[Data provided — start]

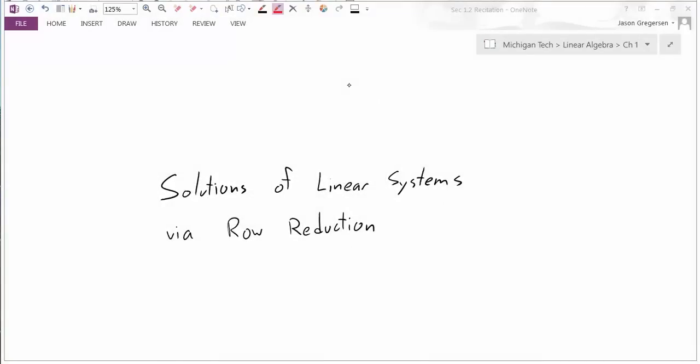Hello, everyone. My name is Jason Gregerson, and this video is going to be on solutions of linear systems via row reduction.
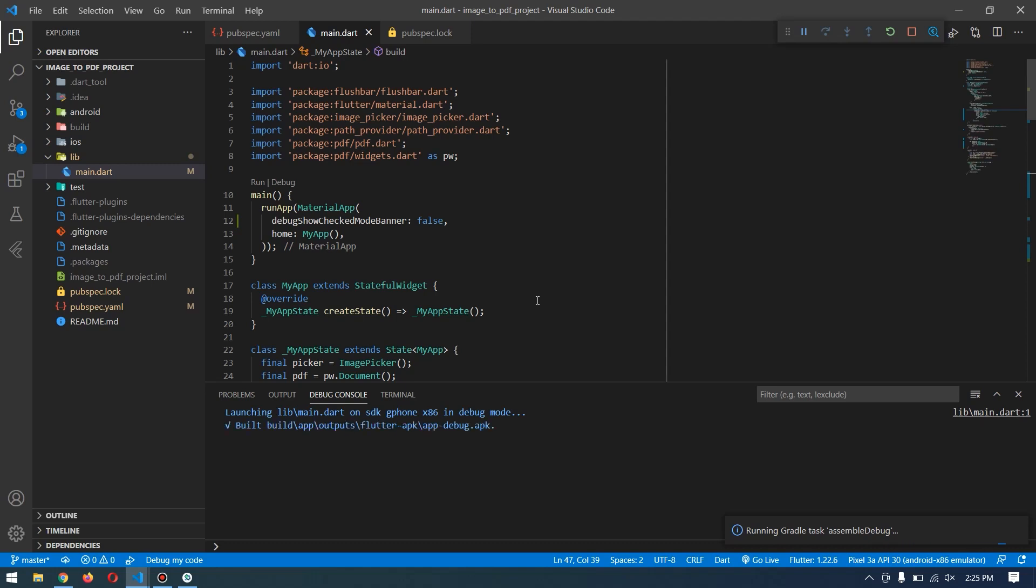Hey guys, welcome back to another Flutter tutorial. In this video, I will show you how to convert multiple images into a single PDF file. In the previous video, we converted a single image into a PDF file, but I got comments asking how to convert multiple images into a single PDF. I'll show you how to modify the source code from our previous video to work with multiple images.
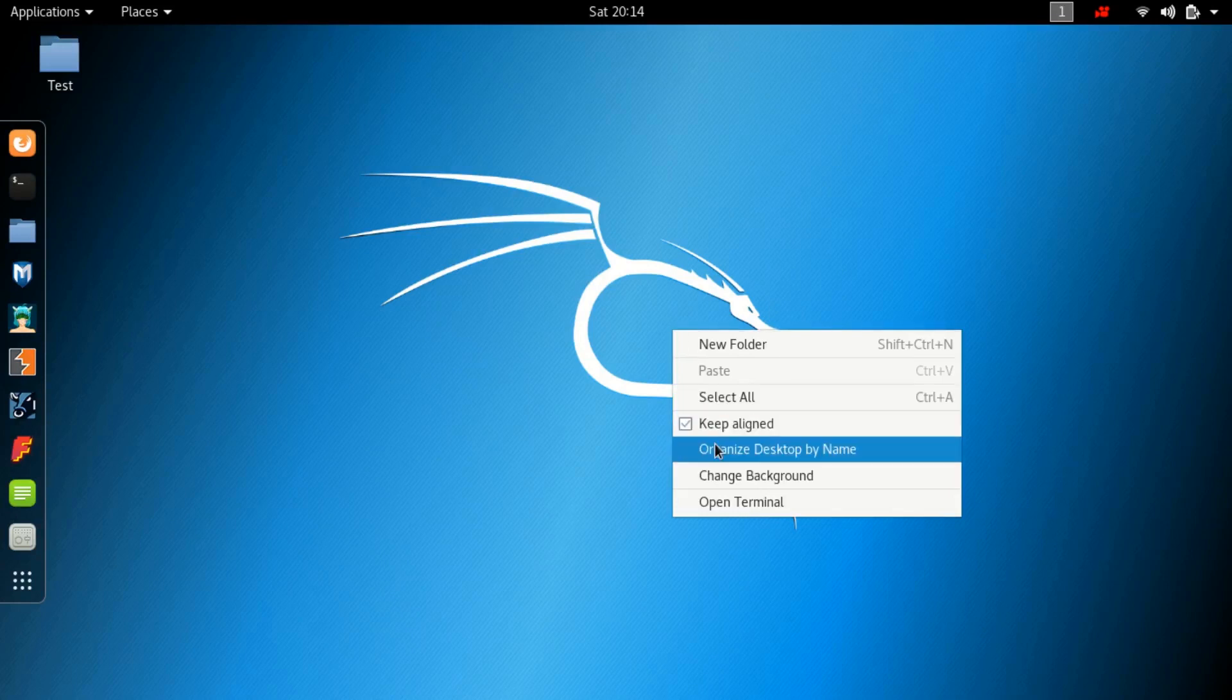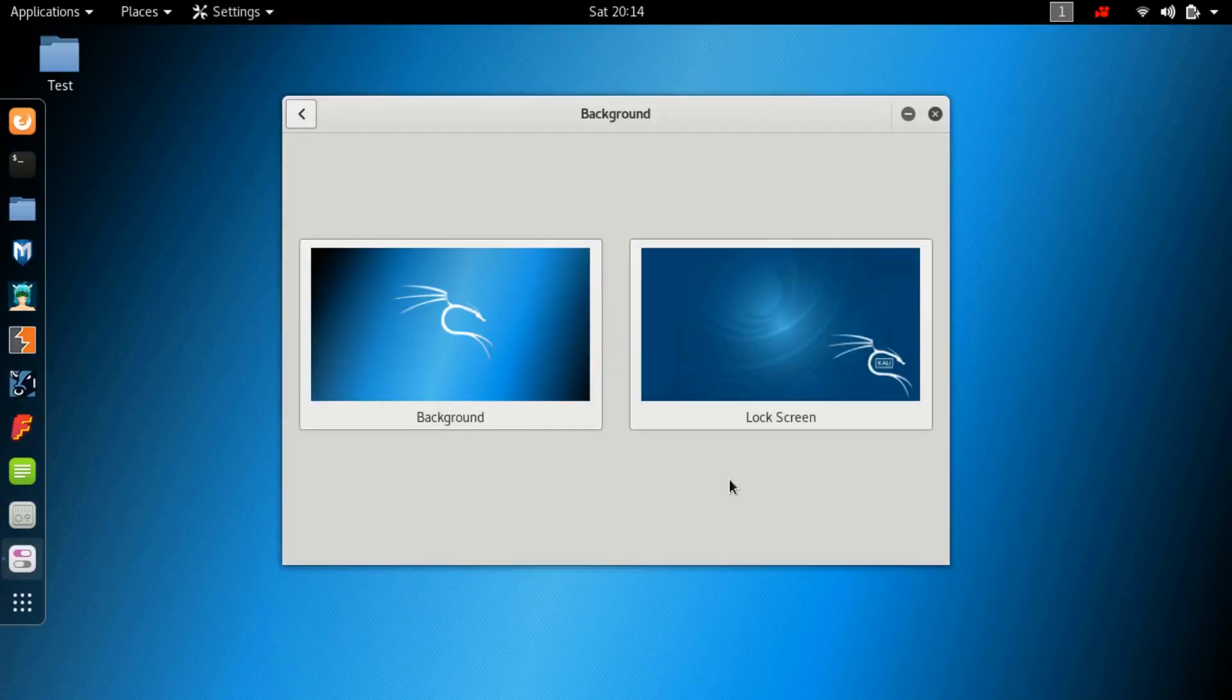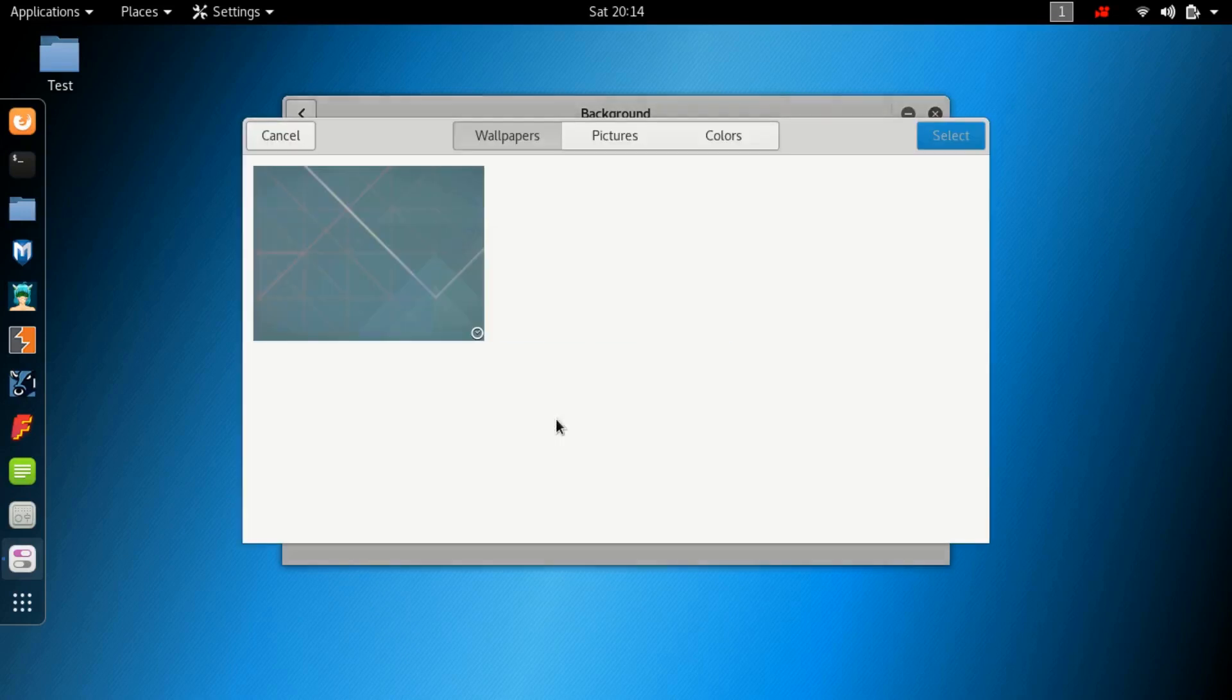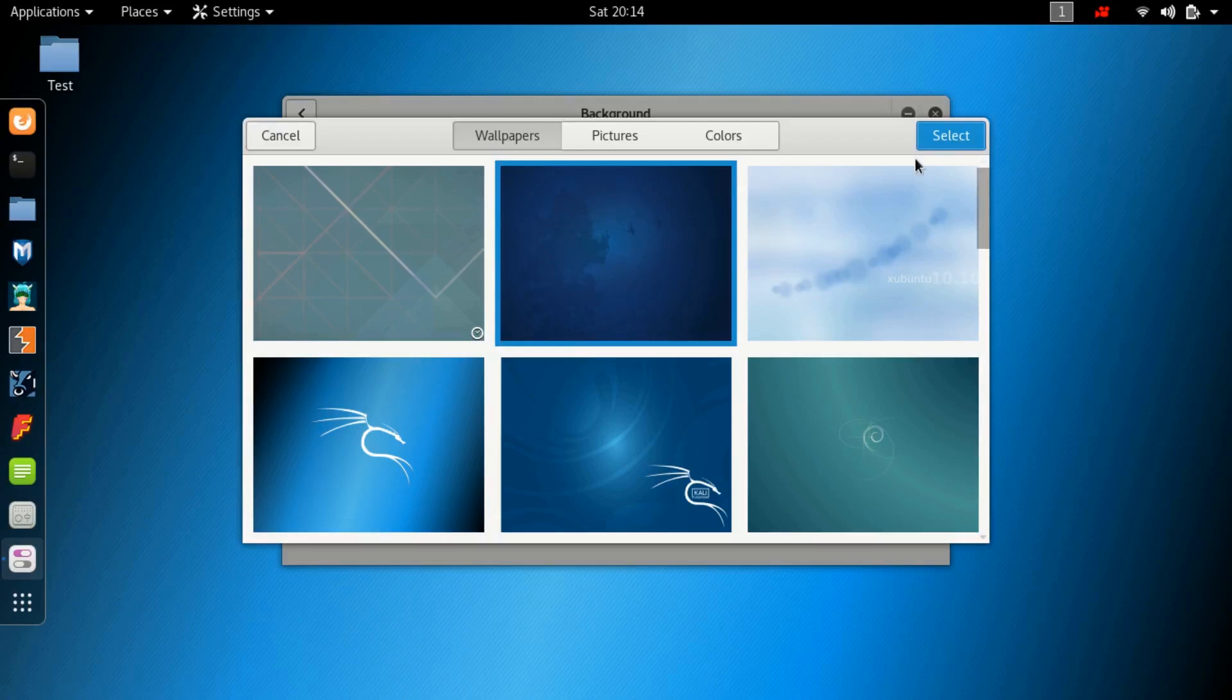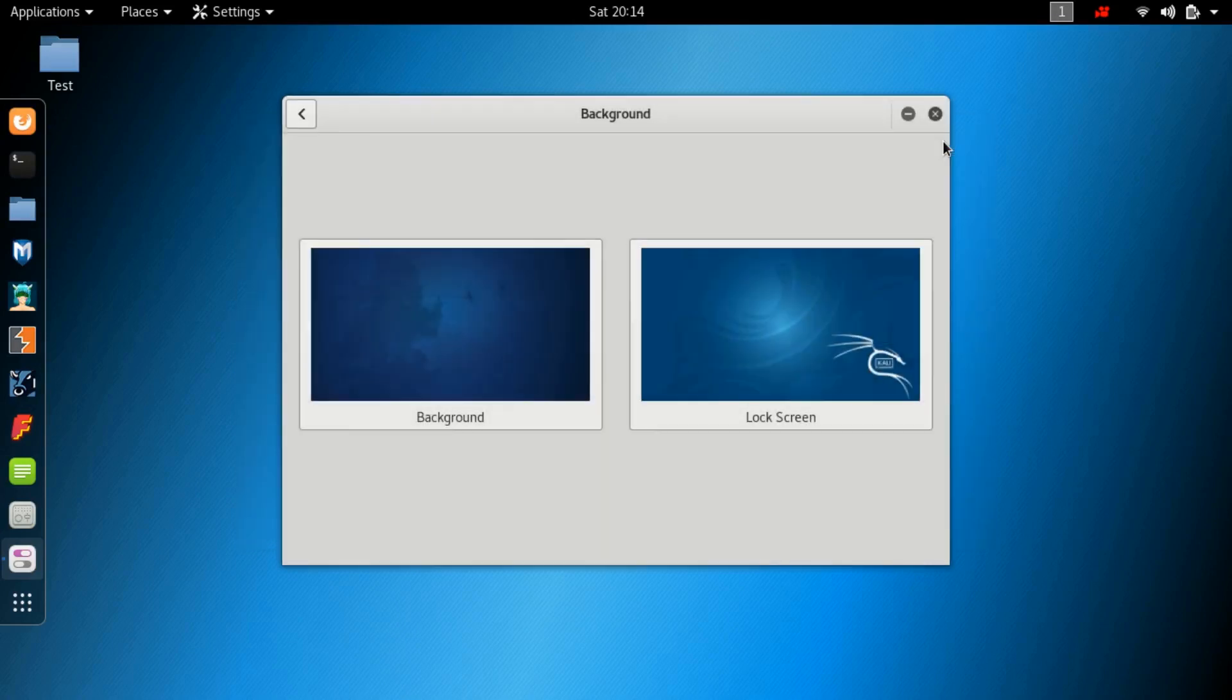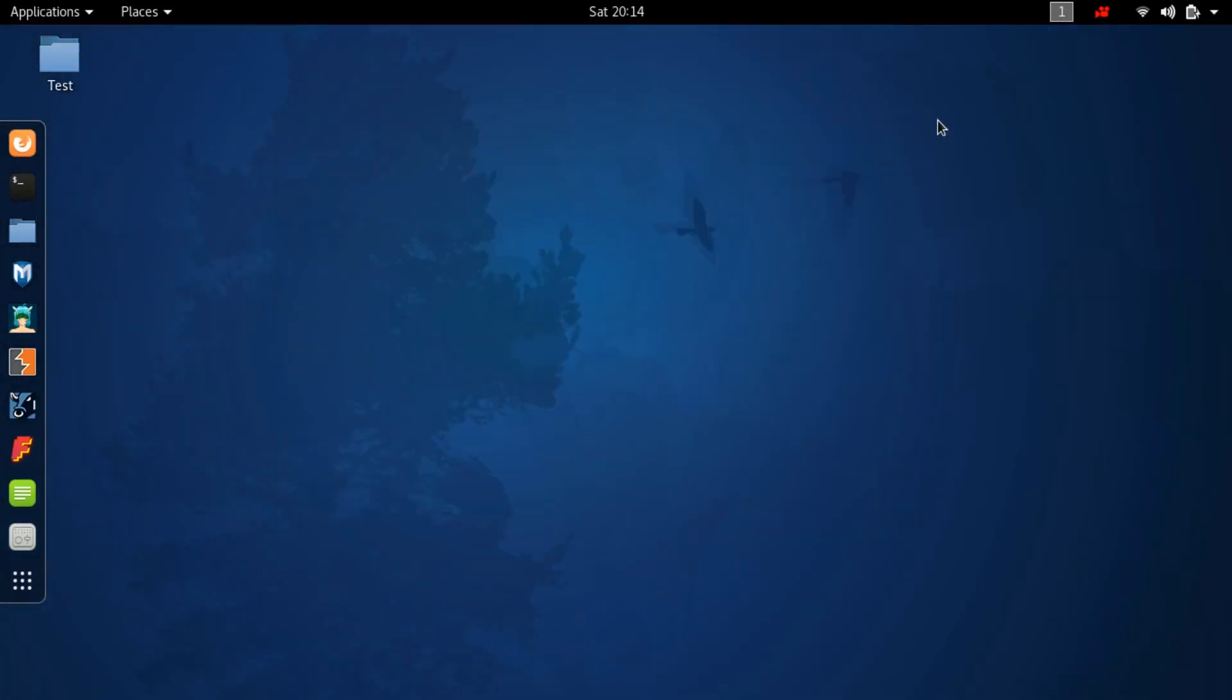To test the persistent storage, I'll quickly create a folder named Test and also change the desktop background just to make everything look different from the default Kali Linux which we are using right now. After that, I'll simply reboot my PC.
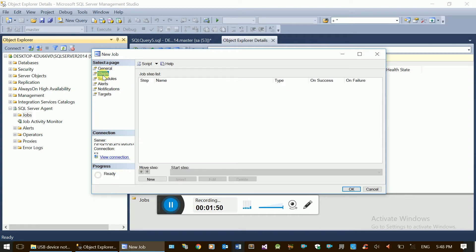Steps are configured in the Steps tab. A job can have multiple steps - for example, a data migration step or an enterprise application data switch step.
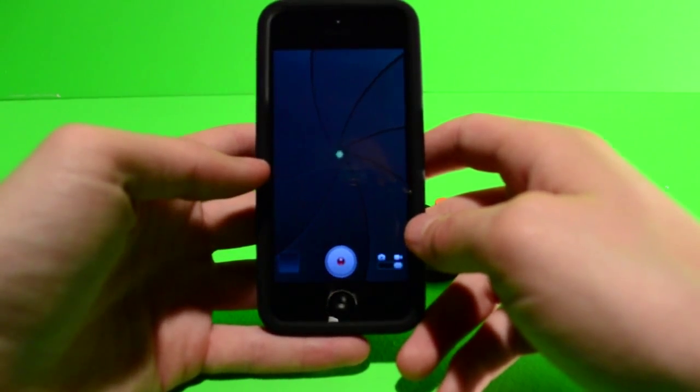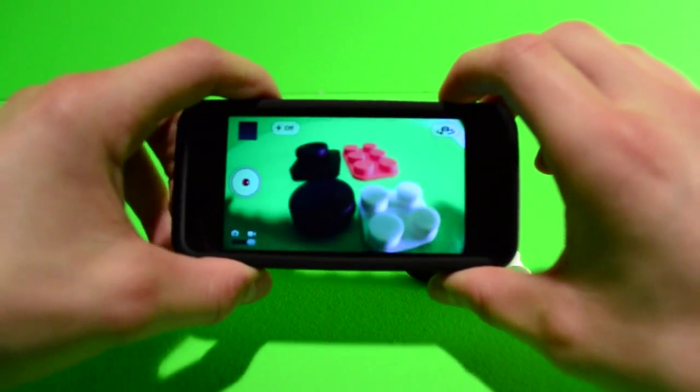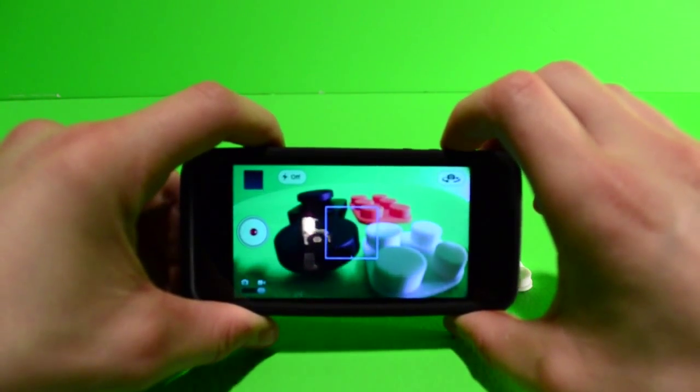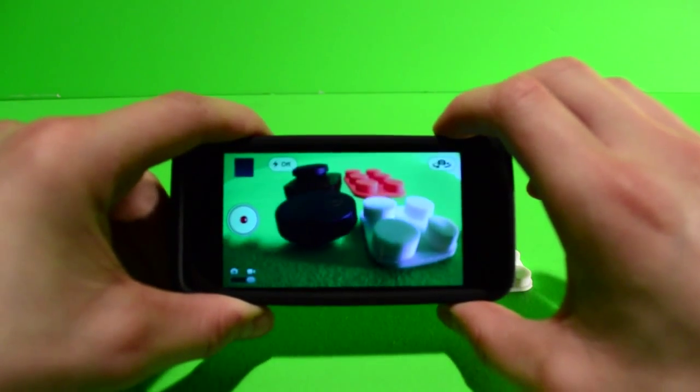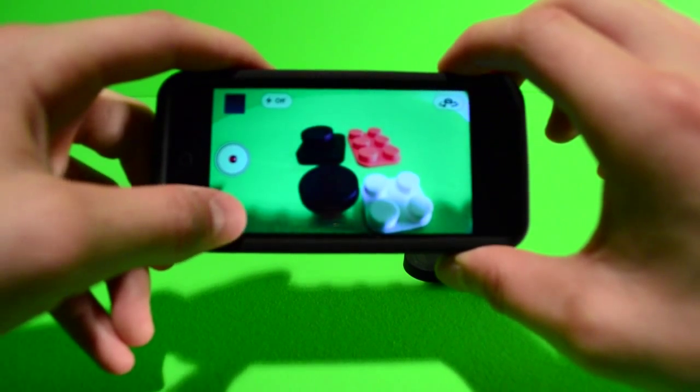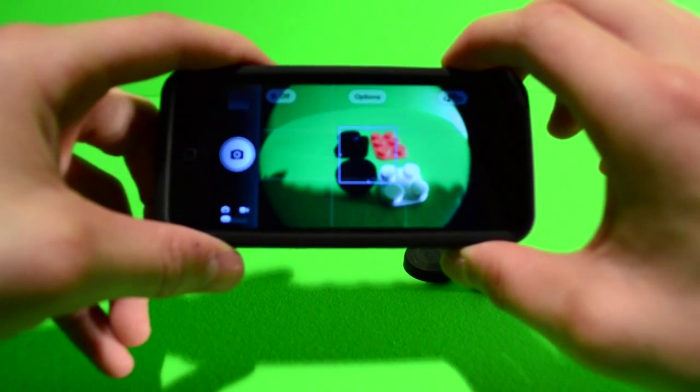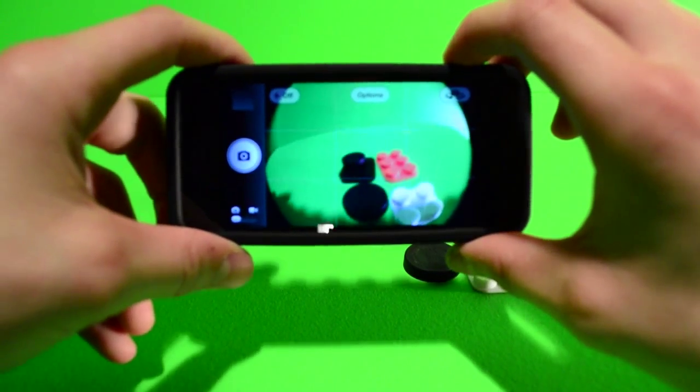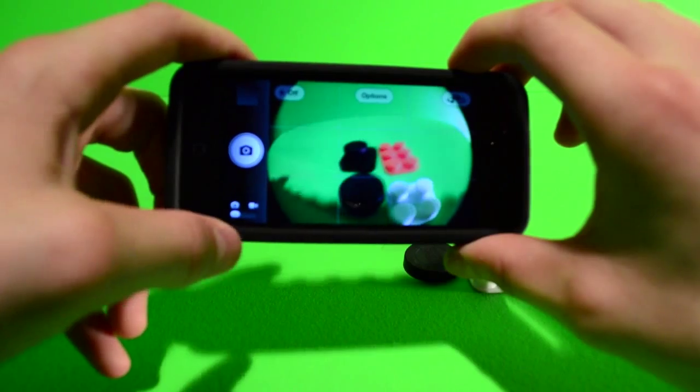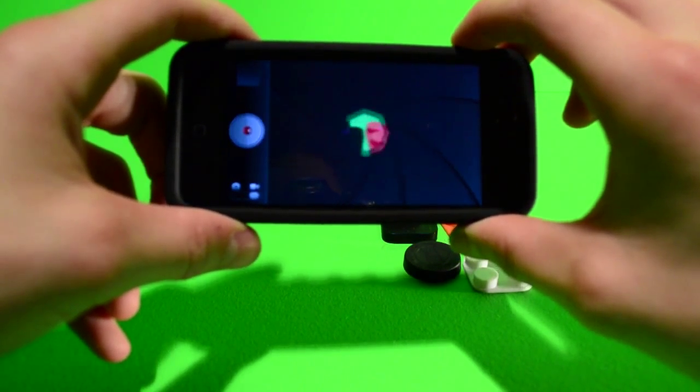So here's what the fisheye looks like. This is in record mode, and here's what it looks like in picture mode. You get more of that circle effect in picture mode, and more of a wider circle effect in record mode.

[Data provided — finish]

● What is being asked:
Your copy should start at the line with "Steps are configured", stop at the last line of the listing above, match exactly, and contain no pictures.

● Answer area:
Steps are configured in the Steps tab. A job can have multiple steps - for example, a data migration step or an enterprise application data switch step.
So here's what the fisheye looks like. This is in record mode, and here's what it looks like in picture mode. You get more of that circle effect in picture mode, and more of a wider circle effect in record mode.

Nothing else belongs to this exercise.